They still hunger for trophies? "Doesn't everyone."

And Kilkenny? Why not take a moment to talk them up.

"I don't think it will be a problem to lift it against Kilkenny. They're favourites at this stage after all they've done. It'll be a good game."

Jamesie O'Connor sits beside Frank Lohan. You can tell the attention is getting to Jamesie, who likes to be left alone to tend to his own business. Anyway we all stand in front of him as he tries to tie his laces.

"It was a good second-half performance, backs played quite well the midfield were quite good and Gilli (Niall Gilligan) got 2-3 from play, so it was a good performance. But, again, it's only a stepping stone to Kilkenny."

The penalty?
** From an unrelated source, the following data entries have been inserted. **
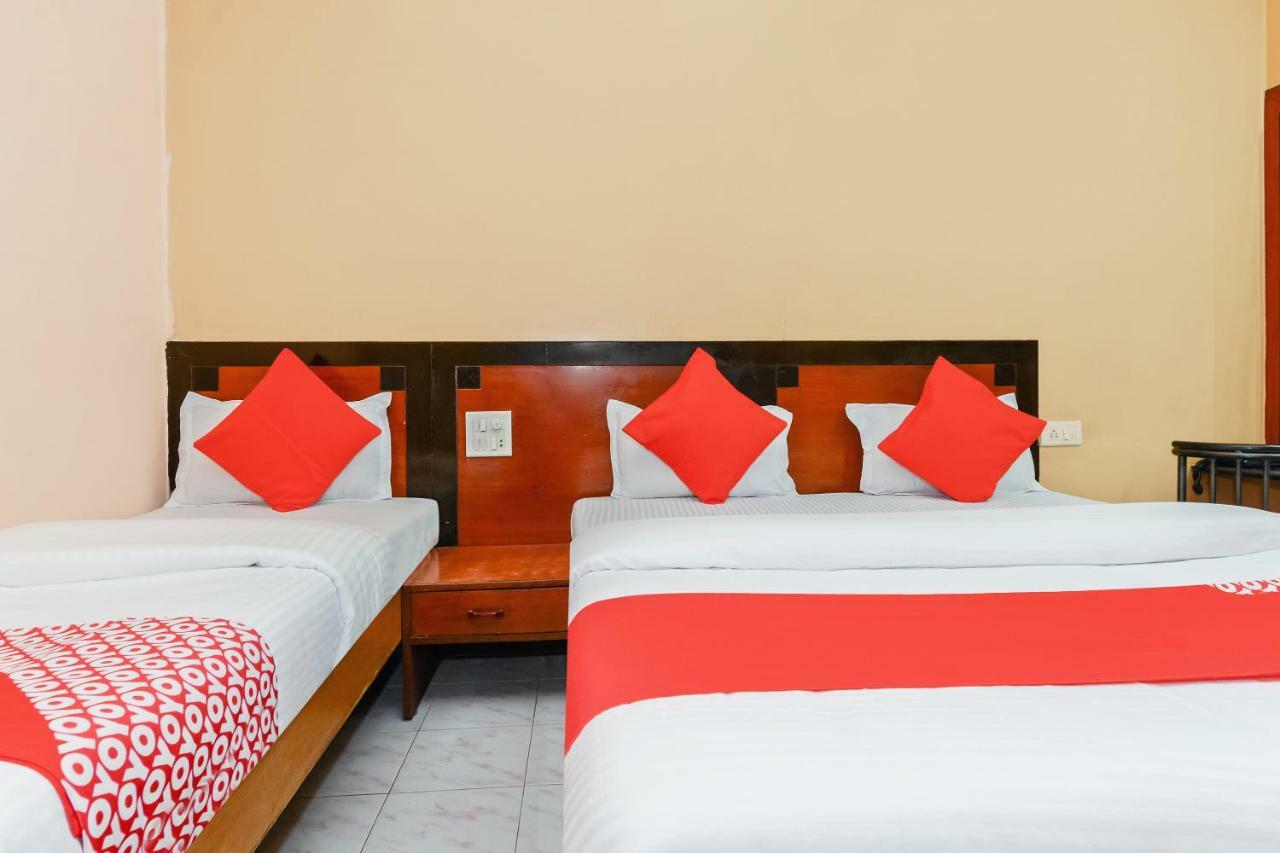 Suraj Hotel Pune Esterno foto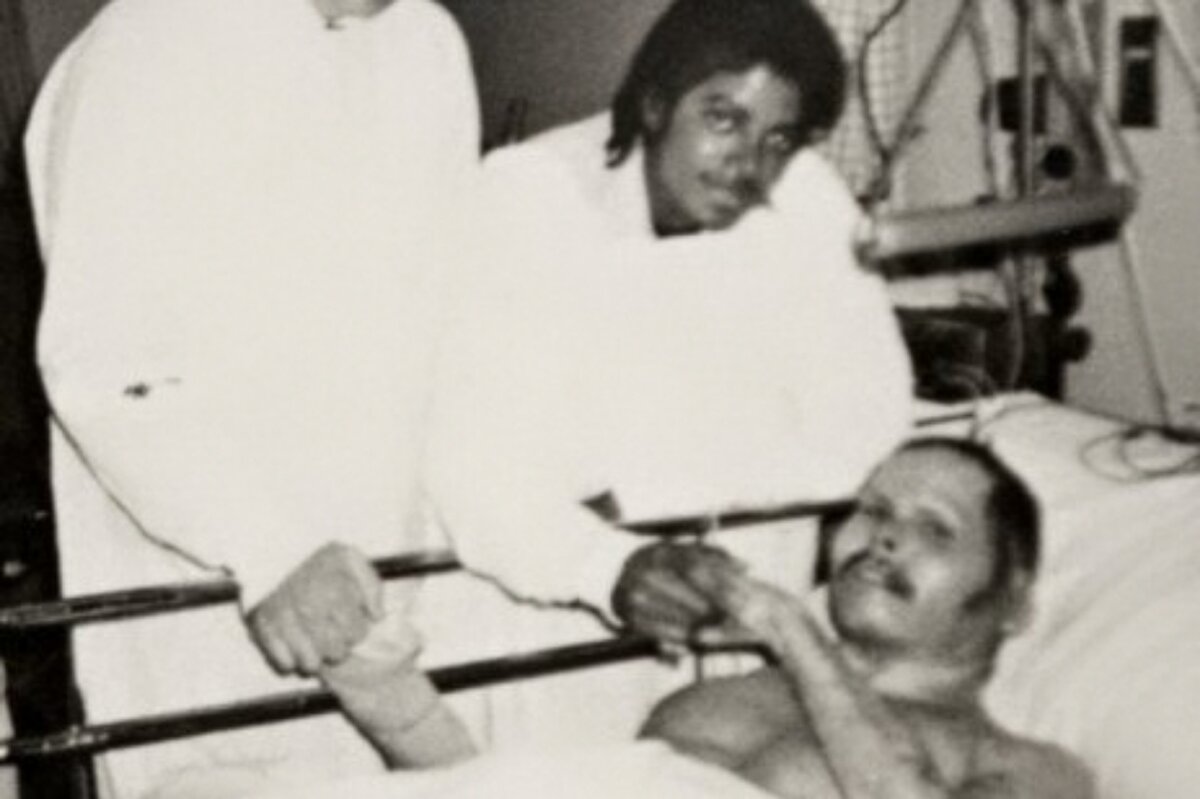 Майкл посетил больницу Brotman Memorial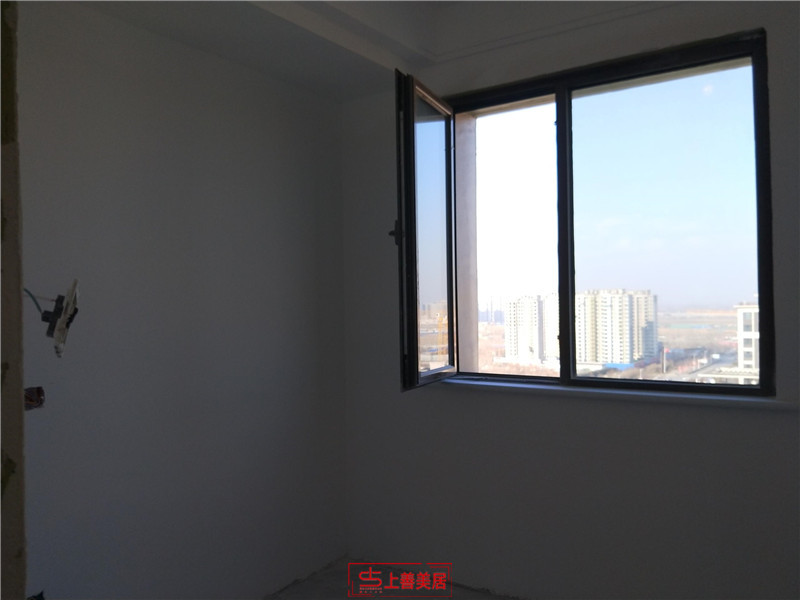 優(yōu)步大道111平基礎(chǔ)完工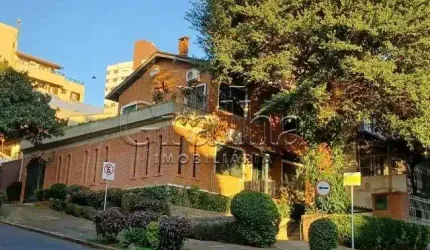 Casa com 4 quartos à venda na Rua Amélia Teles, 215, Petrópolis, Porto Alegre por R$ 990.000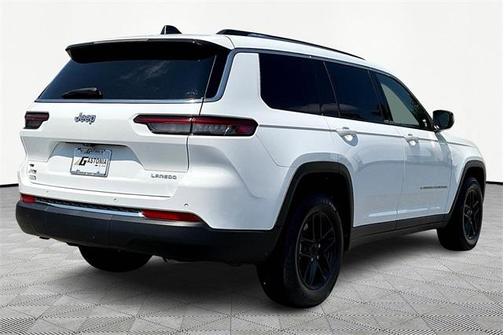 2021 Jeep Grand Cherokee L Laredo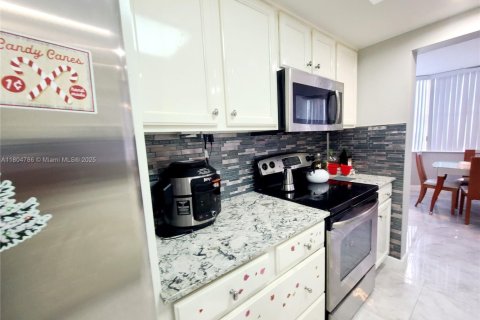 Copropriété à vendre à North Miami Beach, Floride: 2 chambres, 112.69 m2 № 1864169 - photo 6
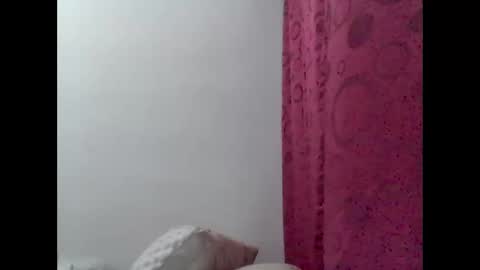 Yeileen online show from March 2025 11:20:02 PM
A muttered prompt begging him to create a controversy.

"I maybe should have put it away beforehand but I thought he (the referee) was giving frees for softer things the other end of the field. I thought I was fouled alright, but it's neither here nor there."

The hand?

"The hand was fine. It still isn't 100 per cent, but it's not restricting me at all."

Pause. None of us can think of another word to prompt him with.

"Listen lads," he says at last to the great, gawping throng of us standing in front of him, "ye wouldn't just talk to Frank for a while."

Frank Lohan glances up smiling, but apprehensive. In mutual embarrassment we all shuffle off to Liam Doyle. The five points Alan Kerins scored on him last day is a wound as tangible as O'Connor's arm. How's he healing?

"We had enough people writing us off as being over the top," he says, and we nod politely as if he was speaking about some mutual enemy of ours, "but we met on Monday night and met on Tuesday night and spoke a bit about Galway and what they did and what we were going to do to keep them from scoring as much as they did."

Sounds intense.

"There was no panic at all. We knew we didn't play as well as we could. We can't afford to be down one day, the season seems to be a see-saw, but we were here the day of the Leinster final and saw how well Kilkenny went against Offaly.

"They'll try and play as well as that, we'll be trying to keep the same level of performance as today. We can't have the same up-and-down business from now on."

Finally, Kilkenny, the clash already shaping up in expectation at least as the game of the season. There is a pause as we wait for Doyle to install Kilkenny as unbackable favourites.

"We haven't really looked at Kilkenny in detail yet. I don't know when we're back to training, but I'm sure we'll have a meeting this week and we'll start making plans."

And in Kilkenny the temperature chilled by just a degree or two.